### [INSTRUCTIONS TO FOLLOW]
Copy the data exactly. Images are the one exception.

### [THE DATA]

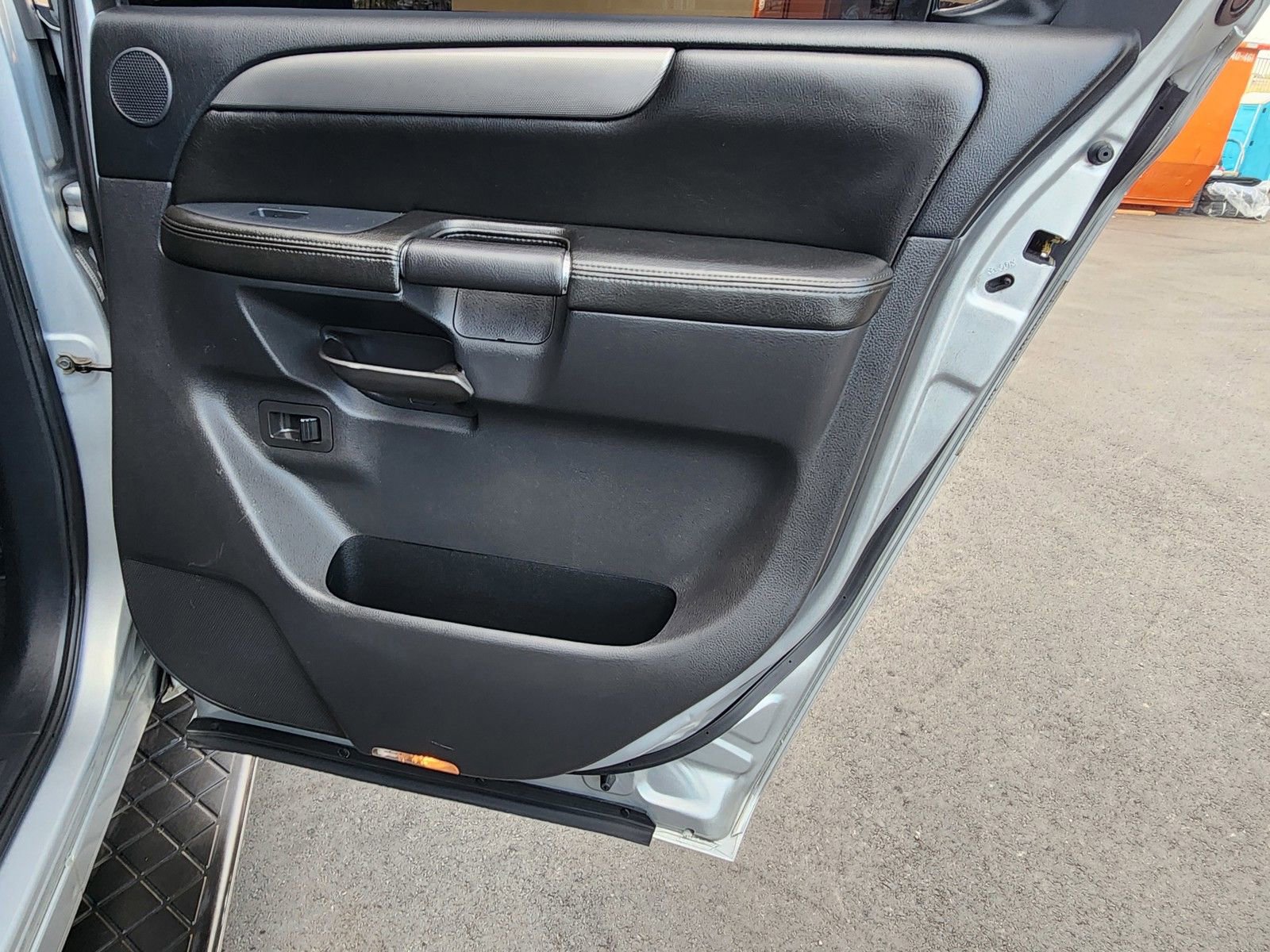 Used 2011 Nissan Armada SV image 48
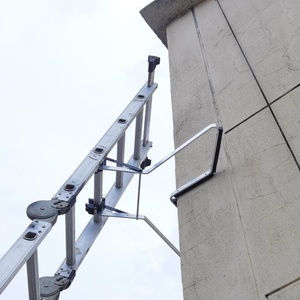 Accessoire d'extension murale Deliladder Entretoise d'échelle sécurisée et stable avec pieds en caoutchouc antidérapants - Product Image 1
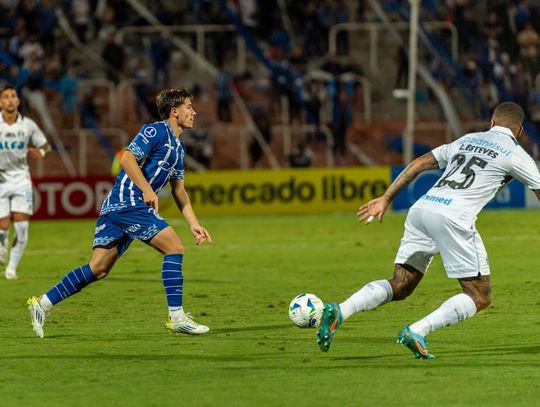 Co oznacza wyjście bramkarza poza pole karne w piłce nożnej?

### [REPLY]
 Used 2011 Nissan Armada SV image 48
 Accessoire d'extension murale Deliladder Entretoise d'échelle sécurisée et stable avec pieds en caoutchouc antidérapants - Product Image 1
 Co oznacza wyjście bramkarza poza pole karne w piłce nożnej?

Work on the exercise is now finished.